> **Records**:
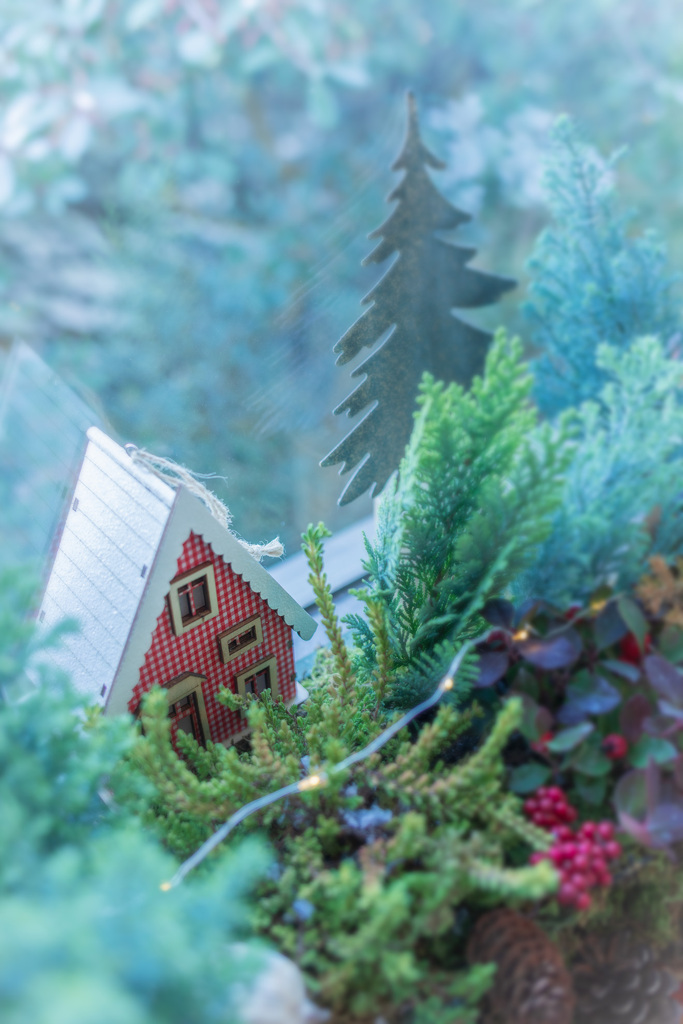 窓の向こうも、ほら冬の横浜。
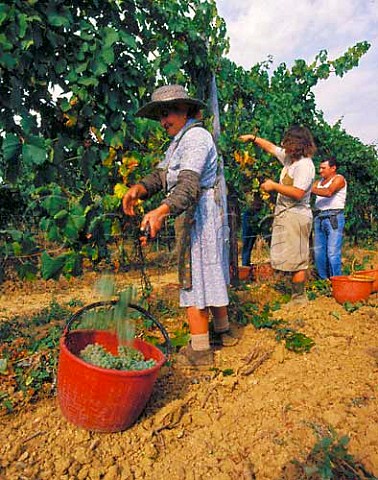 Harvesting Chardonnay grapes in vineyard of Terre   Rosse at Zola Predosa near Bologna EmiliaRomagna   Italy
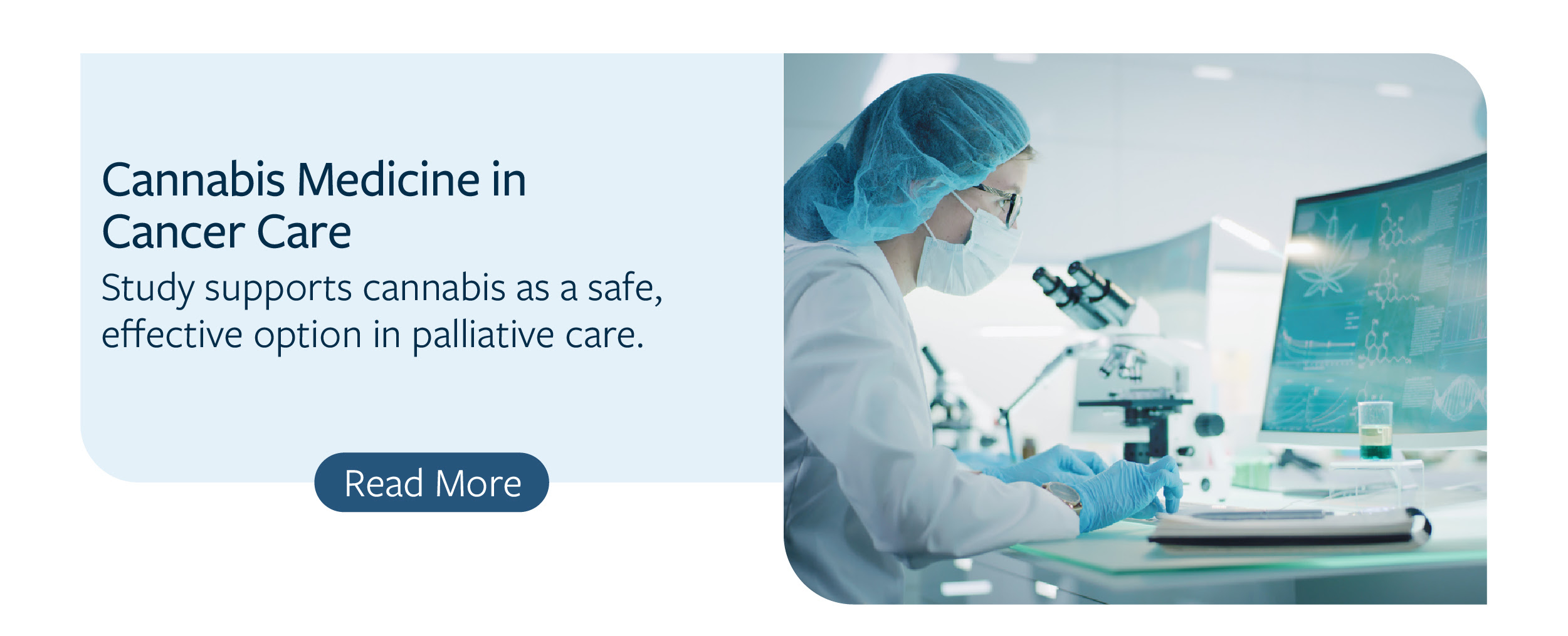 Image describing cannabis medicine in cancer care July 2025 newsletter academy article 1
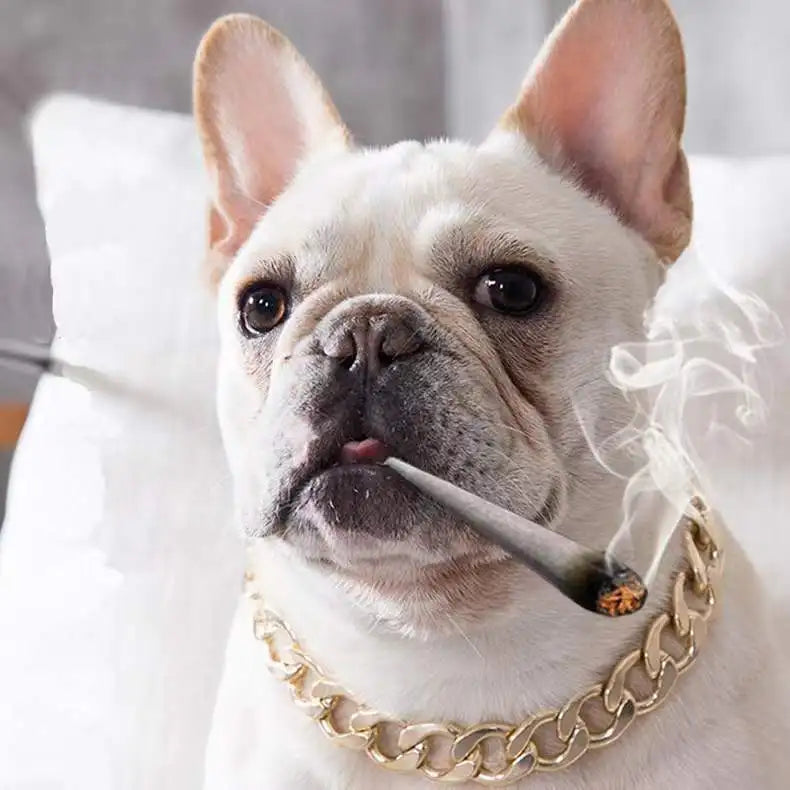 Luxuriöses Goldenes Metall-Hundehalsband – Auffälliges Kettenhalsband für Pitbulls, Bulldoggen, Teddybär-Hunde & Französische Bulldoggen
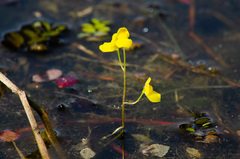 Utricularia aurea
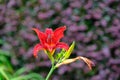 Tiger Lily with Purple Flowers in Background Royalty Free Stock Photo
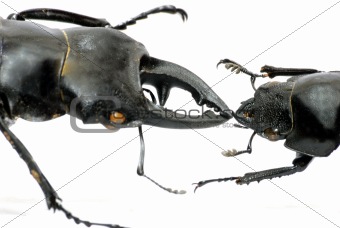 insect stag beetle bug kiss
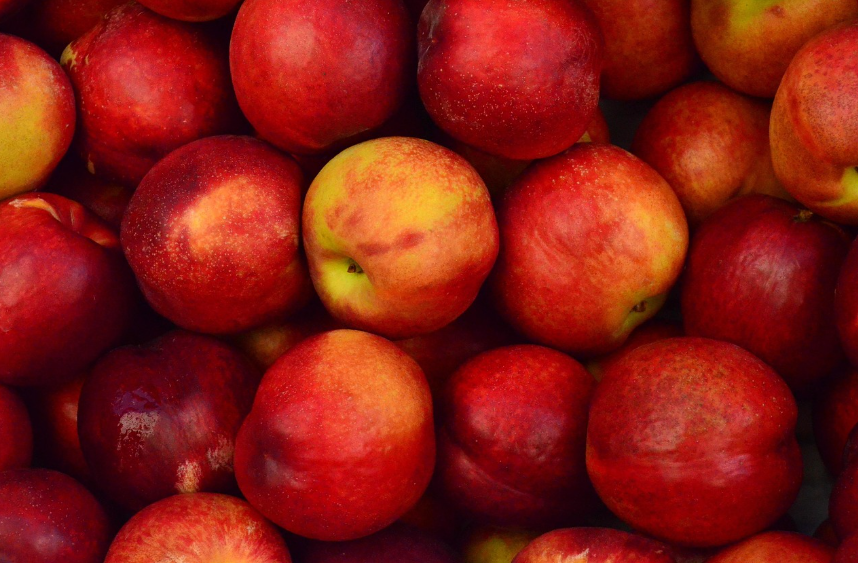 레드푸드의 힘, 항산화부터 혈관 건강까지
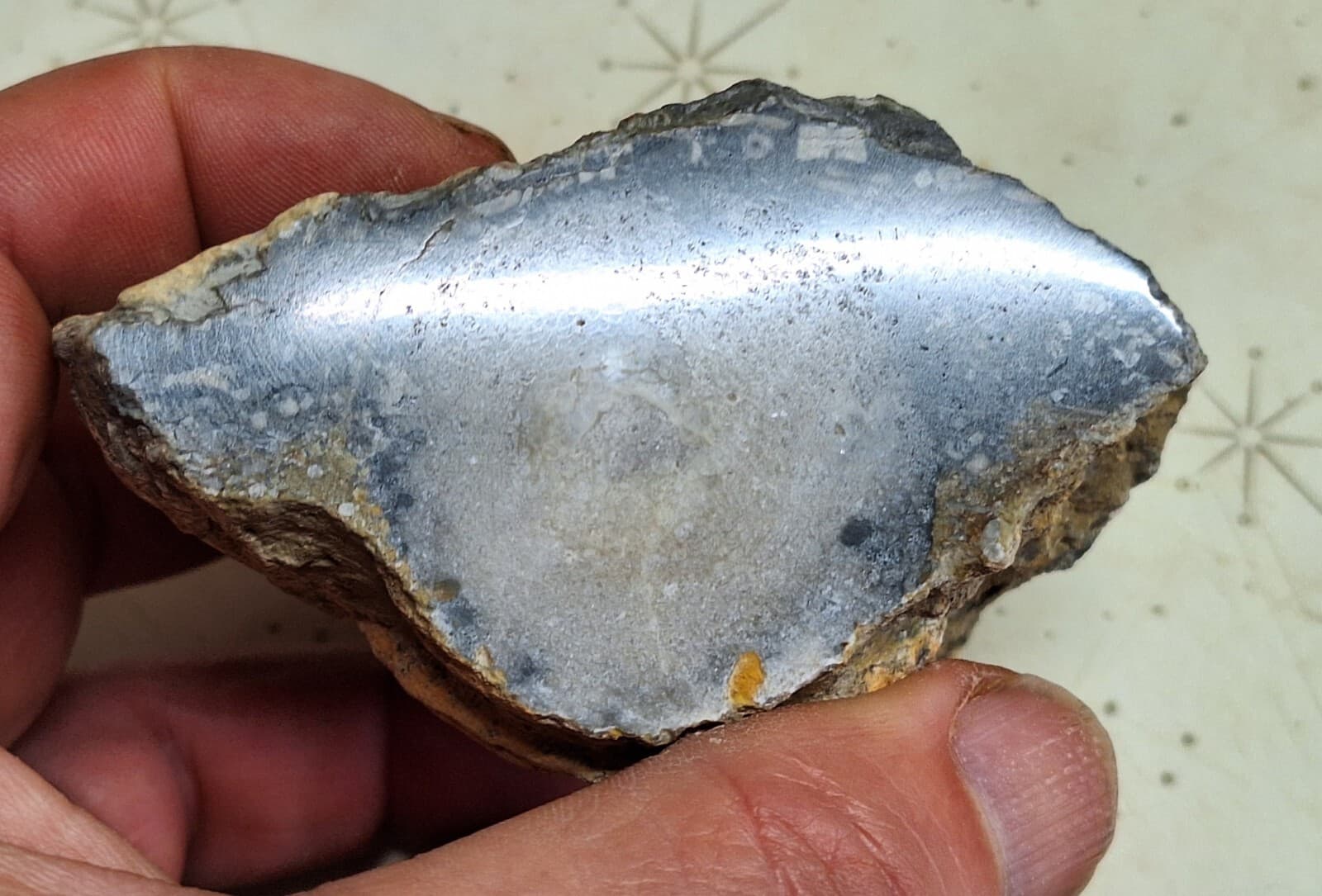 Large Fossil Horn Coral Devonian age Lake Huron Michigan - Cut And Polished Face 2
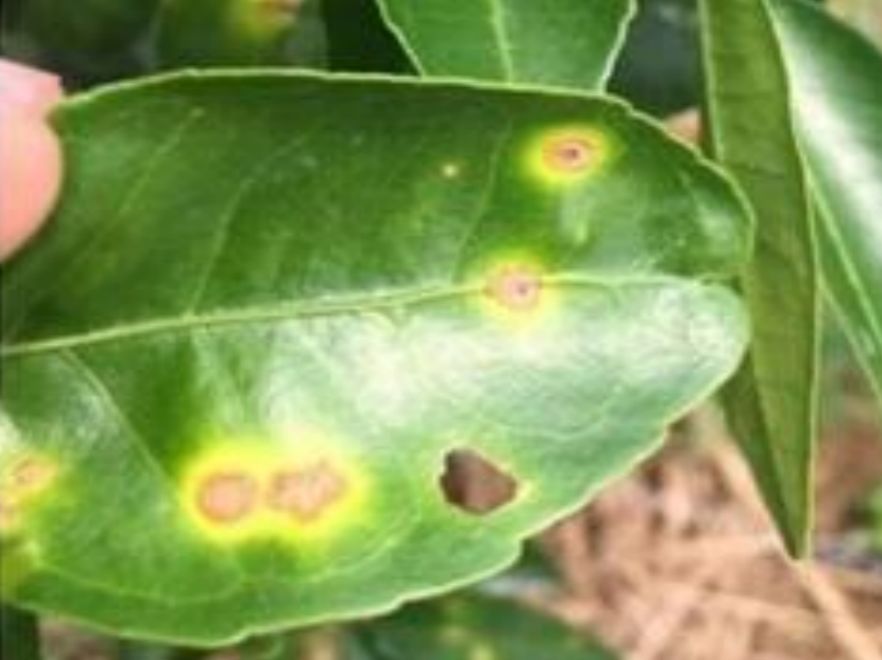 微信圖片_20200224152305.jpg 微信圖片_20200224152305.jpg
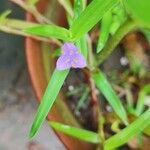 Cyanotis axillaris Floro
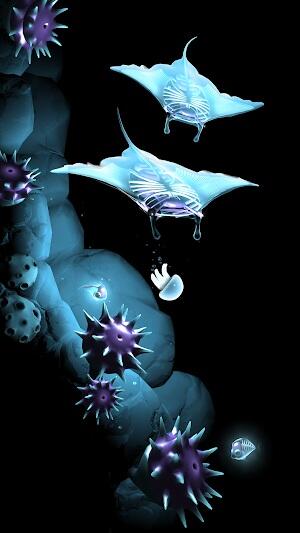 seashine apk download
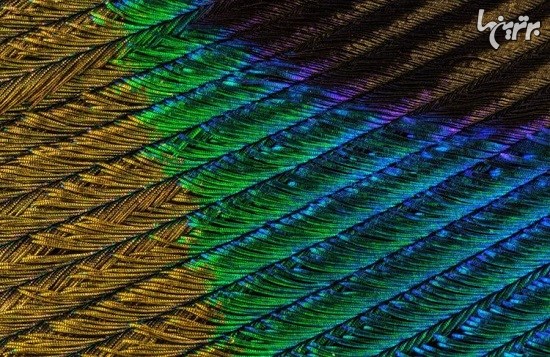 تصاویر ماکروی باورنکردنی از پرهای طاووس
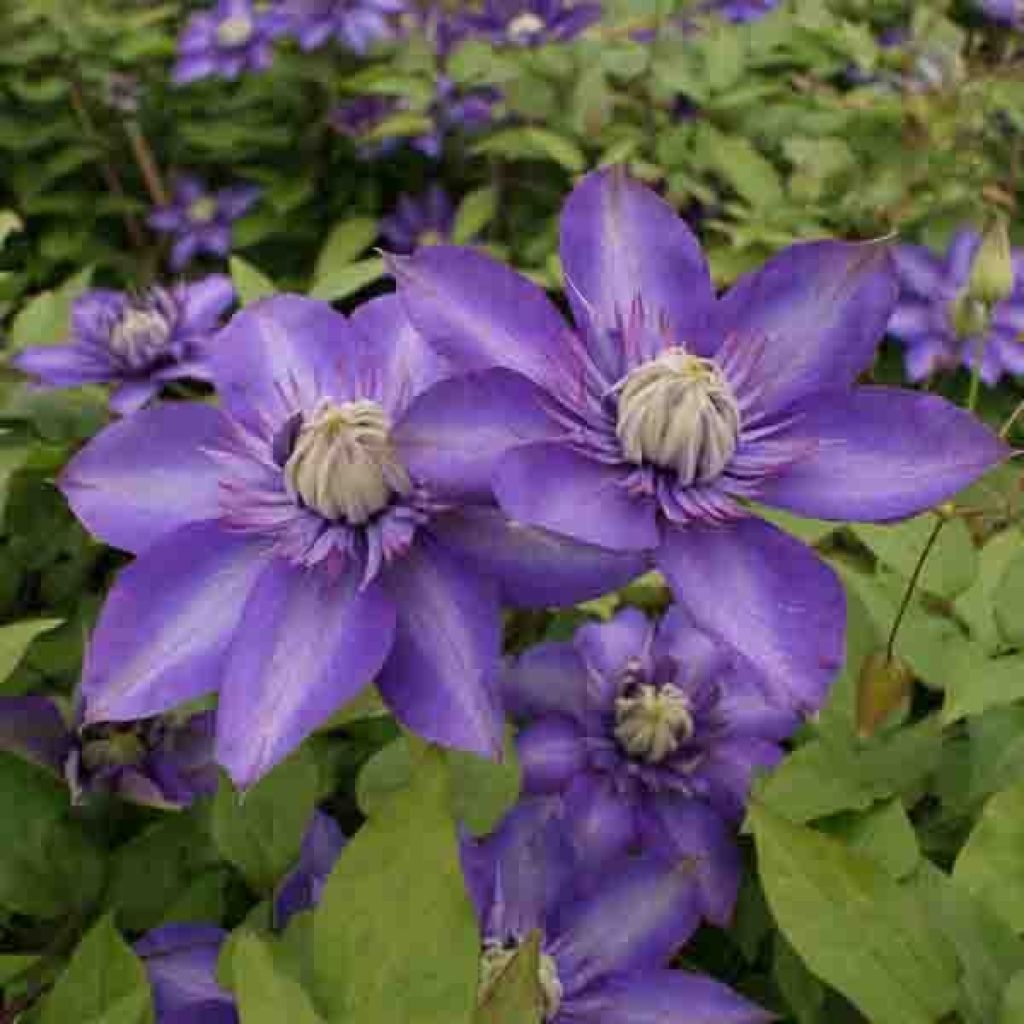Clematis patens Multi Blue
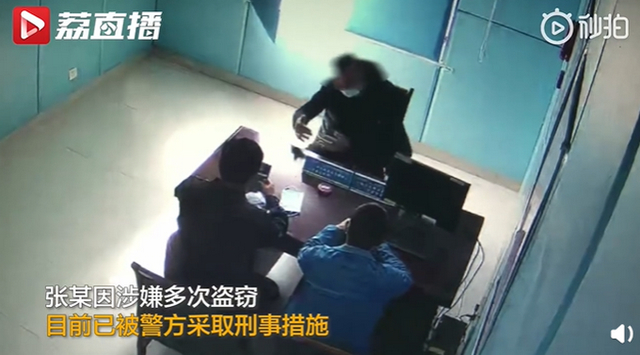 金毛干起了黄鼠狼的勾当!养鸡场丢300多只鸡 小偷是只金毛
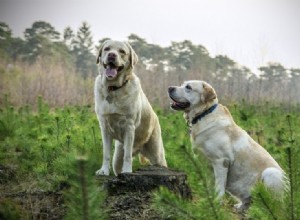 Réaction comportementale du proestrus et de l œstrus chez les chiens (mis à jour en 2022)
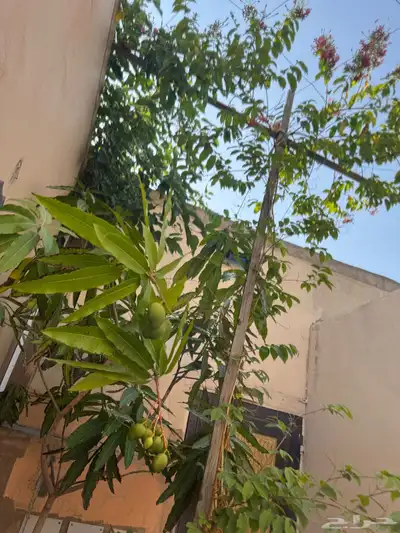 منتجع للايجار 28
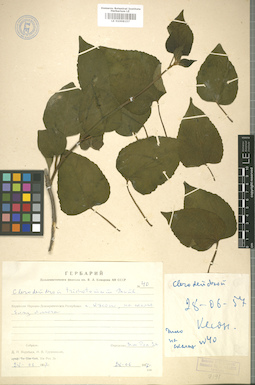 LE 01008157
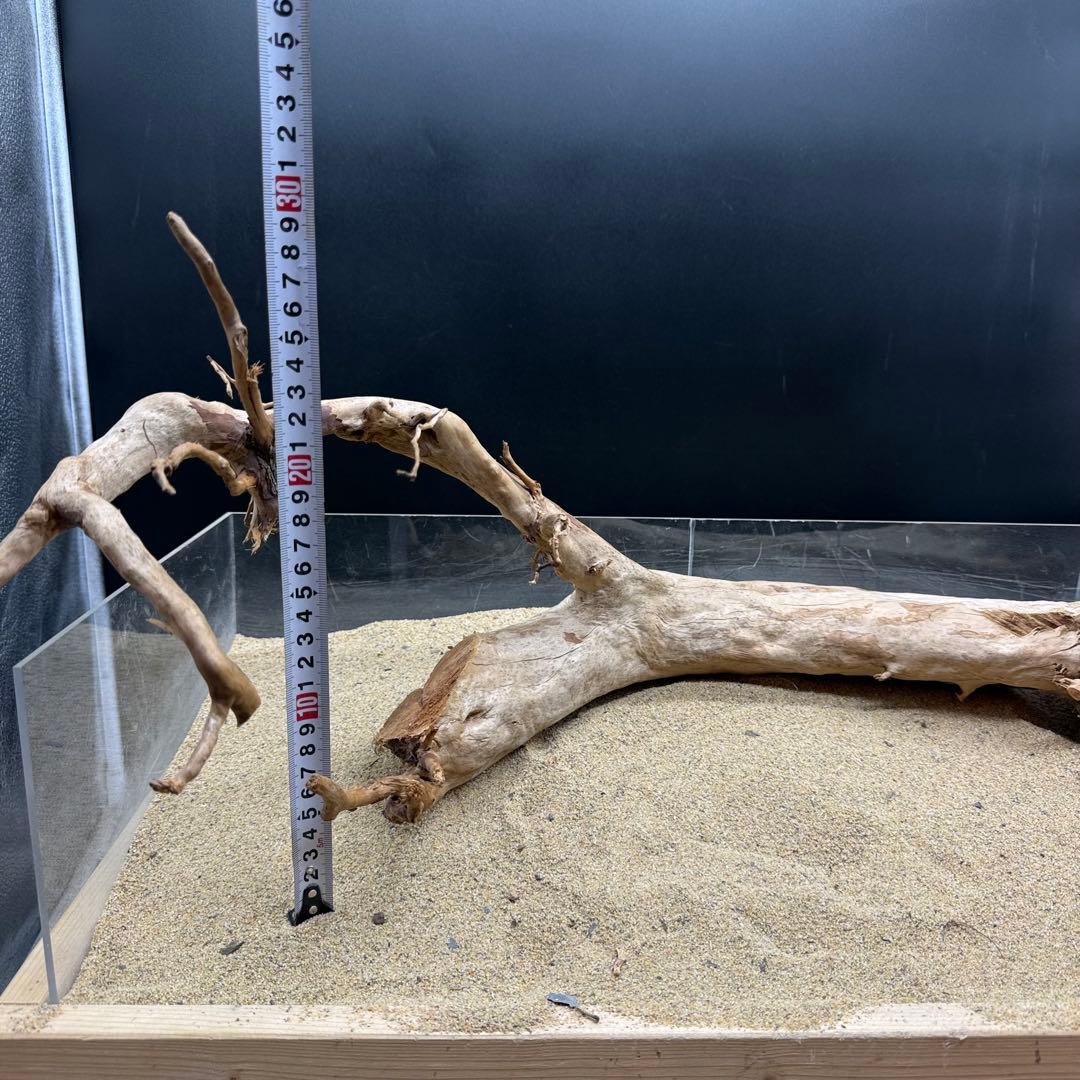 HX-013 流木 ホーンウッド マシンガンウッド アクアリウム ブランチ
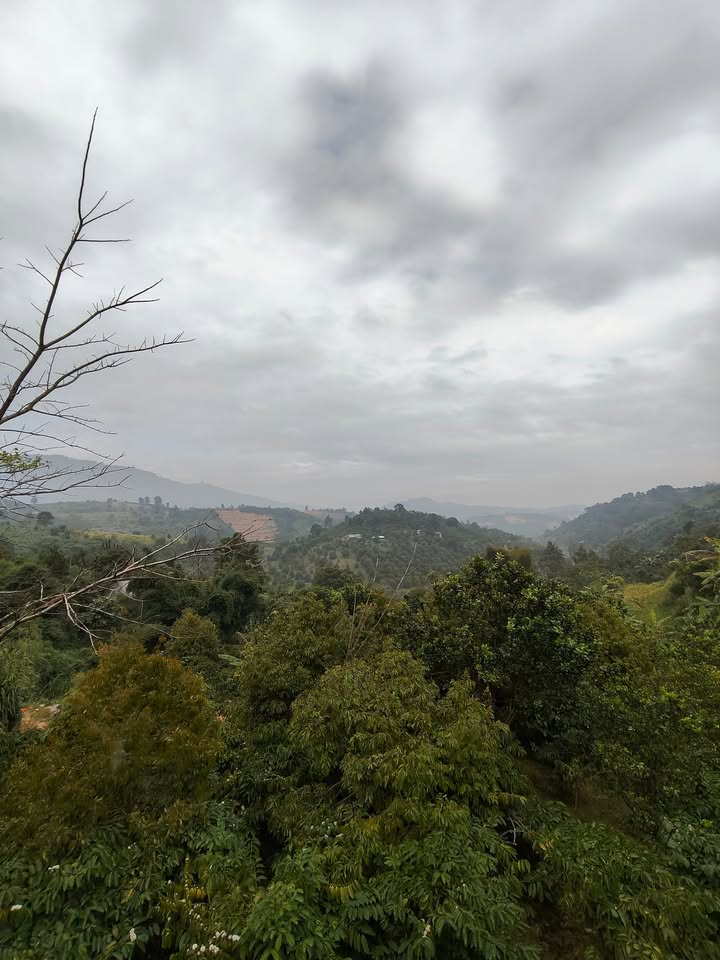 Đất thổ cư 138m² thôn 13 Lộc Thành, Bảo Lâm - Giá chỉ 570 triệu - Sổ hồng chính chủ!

> **What is being asked**: Among the records above, locate the line containing "Luxuriöses Goldenes Metall-Hundehalsband" and the line containing "HX-013 流木 ホーンウッド マシンガンウッド アクアリウム ブランチ", then transcribe exactly the lines starting at the first and ending at the second, with no pictures.

> **Task answer**:
 Luxuriöses Goldenes Metall-Hundehalsband – Auffälliges Kettenhalsband für Pitbulls, Bulldoggen, Teddybär-Hunde & Französische Bulldoggen
 Utricularia aurea
 Tiger Lily with Purple Flowers in Background Royalty Free Stock Photo
 insect stag beetle bug kiss
 레드푸드의 힘, 항산화부터 혈관 건강까지
 Large Fossil Horn Coral Devonian age Lake Huron Michigan - Cut And Polished Face 2
 微信圖片_20200224152305.jpg 微信圖片_20200224152305.jpg
 Cyanotis axillaris Floro
 seashine apk download
 تصاویر ماکروی باورنکردنی از پرهای طاووس
Clematis patens Multi Blue
 金毛干起了黄鼠狼的勾当!养鸡场丢300多只鸡 小偷是只金毛
 Réaction comportementale du proestrus et de l œstrus chez les chiens (mis à jour en 2022)
 منتجع للايجار 28
 LE 01008157
 HX-013 流木 ホーンウッド マシンガンウッド アクアリウム ブランチ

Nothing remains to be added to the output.